→ **DATASET CONTENT**
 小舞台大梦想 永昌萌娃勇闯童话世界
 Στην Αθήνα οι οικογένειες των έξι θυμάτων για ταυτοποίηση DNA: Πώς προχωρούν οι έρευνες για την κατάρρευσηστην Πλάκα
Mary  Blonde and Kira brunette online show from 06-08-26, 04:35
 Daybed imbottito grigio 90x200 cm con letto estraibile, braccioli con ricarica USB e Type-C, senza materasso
==
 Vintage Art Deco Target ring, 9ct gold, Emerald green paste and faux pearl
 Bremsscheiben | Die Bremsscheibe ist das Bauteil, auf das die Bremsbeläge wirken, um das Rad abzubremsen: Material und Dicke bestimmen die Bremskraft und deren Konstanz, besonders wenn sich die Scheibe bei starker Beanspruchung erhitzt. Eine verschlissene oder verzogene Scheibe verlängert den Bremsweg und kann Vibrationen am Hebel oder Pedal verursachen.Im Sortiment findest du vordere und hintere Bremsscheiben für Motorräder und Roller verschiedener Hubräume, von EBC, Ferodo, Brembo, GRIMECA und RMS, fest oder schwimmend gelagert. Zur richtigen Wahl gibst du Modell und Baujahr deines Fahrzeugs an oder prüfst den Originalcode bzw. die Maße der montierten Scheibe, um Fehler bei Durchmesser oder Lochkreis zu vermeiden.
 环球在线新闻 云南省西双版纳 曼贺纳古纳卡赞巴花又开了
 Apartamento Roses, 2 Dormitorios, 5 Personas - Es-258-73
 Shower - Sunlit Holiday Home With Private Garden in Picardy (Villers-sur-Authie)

→ **PROBLEM TO WORK ON**
Would you print exactly and only the lines of the material above that run from the line with "小舞台大梦想 永昌萌娃勇闯童话世界" through the line with "Daybed imbottito grigio", both included?

→ **THE COMPLETED TASK**
 小舞台大梦想 永昌萌娃勇闯童话世界
 Στην Αθήνα οι οικογένειες των έξι θυμάτων για ταυτοποίηση DNA: Πώς προχωρούν οι έρευνες για την κατάρρευσηστην Πλάκα
Mary  Blonde and Kira brunette online show from 06-08-26, 04:35
 Daybed imbottito grigio 90x200 cm con letto estraibile, braccioli con ricarica USB e Type-C, senza materasso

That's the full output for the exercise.